A Polícia Civil deflagrou, nesta terça-feira (11), a Operação Pele de Cordeiro, para cumprir 12 ordens judiciais relacionadas à investigação de um roubo majorado ocorrido em uma residência de Cuiabá. Duas pessoas são alvo de mandados de prisão preventiva. O crime resultou em um prejuízo estimado em mais de R$ 95 mil e teve uma família mantida refém.
Ao todo, são cumpridos cinco mandados de busca e apreensão, duas prisões preventivas e cinco medidas de quebra de sigilo. As ordens foram autorizadas pelo Núcleo de Justiça 4.0 do Juízo das Garantias, a partir das investigações conduzidas pela Delegacia Especializada de Roubos e Furtos (Derf) de Cuiabá.

O crime ocorreu em 17 de março deste ano, por volta das 3h15. Segundo a investigação, três homens armados abordaram as vítimas quando elas deixavam a residência e, posteriormente, invadiram o imóvel.
Depois do roubo, os familiares foram levados para uma área de mata, onde permaneceram amarrados e sob ameaça. Durante o período em que ficaram impedidas de deixar o local, as vítimas foram obrigadas a realizar transferências bancárias por meio do Pix. Uma delas foi agredida ao tentar se recusar a fazer uma das transferências.
Além dos valores enviados por meio eletrônico, os criminosos levaram dinheiro, ouro, celulares e outros objetos pertencentes às vítimas.
Investigação aponta possível planejamento prévio
As diligências realizadas pela Derf Cuiabá indicaram a possibilidade de que o roubo tenha sido planejado antecipadamente. Entre os elementos investigados estão o uso de informações privilegiadas, eventual apoio logístico e a movimentação dos recursos obtidos após o crime.
Uma das principais linhas da apuração busca esclarecer se uma pessoa próxima à família teria fornecido informações aos criminosos sobre a rotina dos moradores, o patrimônio e os valores mantidos na residência.
A Polícia Civil também trabalha para definir a participação individual de cada investigado, incluindo possíveis executores, pessoas responsáveis pelo suporte logístico e envolvidos na circulação dos recursos retirados das vítimas.
Polícia procura provas e dados financeiros
Durante o cumprimento das ordens judiciais, os policiais buscam celulares, computadores, chips e outros dispositivos eletrônicos. Mensagens, registros de chamadas, fotografias, vídeos e contatos também estão entre os materiais que podem ajudar a esclarecer a participação dos investigados.
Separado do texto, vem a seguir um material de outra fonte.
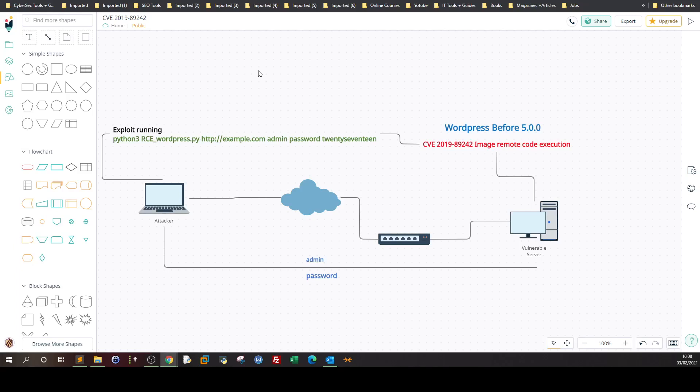What's up? What's going on? In today's video we're gonna start reviewing public exploits.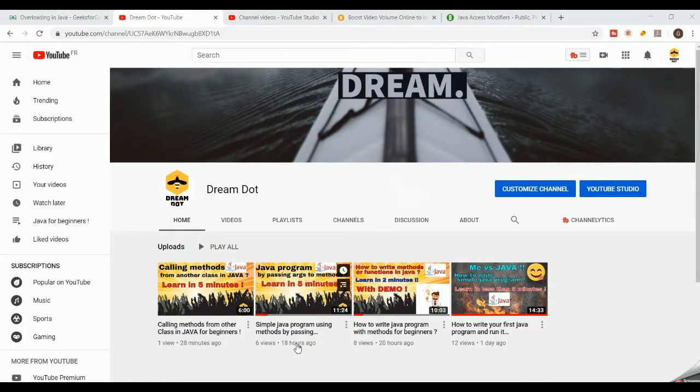Welcome to our channel. For those visiting for the first time, I'm a software professional with around 10 years of experience. So far we have seen basic coding in Java — hello world, how to write methods and functions, how to pass arguments and return values, and how to invoke methods defined in other classes. If you missed those videos, check out our channel.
As equipes ainda procuram documentos e informações relacionadas às movimentações financeiras, além de dinheiro, ouro e outros bens que possam ter ligação com o roubo. Armas, munições e objetos associados ao crime também estão entre os itens procurados.
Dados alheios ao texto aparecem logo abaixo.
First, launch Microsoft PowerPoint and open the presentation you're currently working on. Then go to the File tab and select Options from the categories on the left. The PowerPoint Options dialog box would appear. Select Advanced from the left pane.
As medidas têm ainda o objetivo de reunir provas sobre os vínculos entre os investigados e reconstruir as diferentes etapas da ação criminosa. A investigação pretende esclarecer quem forneceu informações sobre as vítimas, quem planejou e executou o roubo, quem ofereceu suporte logístico e quem recebeu ou movimentou os valores.
Também está sendo apurada a possível participação de pessoas na ocultação de bens ou de provas relacionadas ao crime.
Origem do nome da operação
O nome “Pele de Cordeiro” está relacionado à principal linha investigativa. A suspeita é de que os criminosos tenham utilizado uma relação de confiança e informações privilegiadas sobre as vítimas para preparar a ação.
A expressão faz referência à aparência de proximidade ou confiança e está associada à hipótese de que informações sobre a rotina da família, a residência e os valores existentes no imóvel tenham sido repassadas aos responsáveis pelo roubo.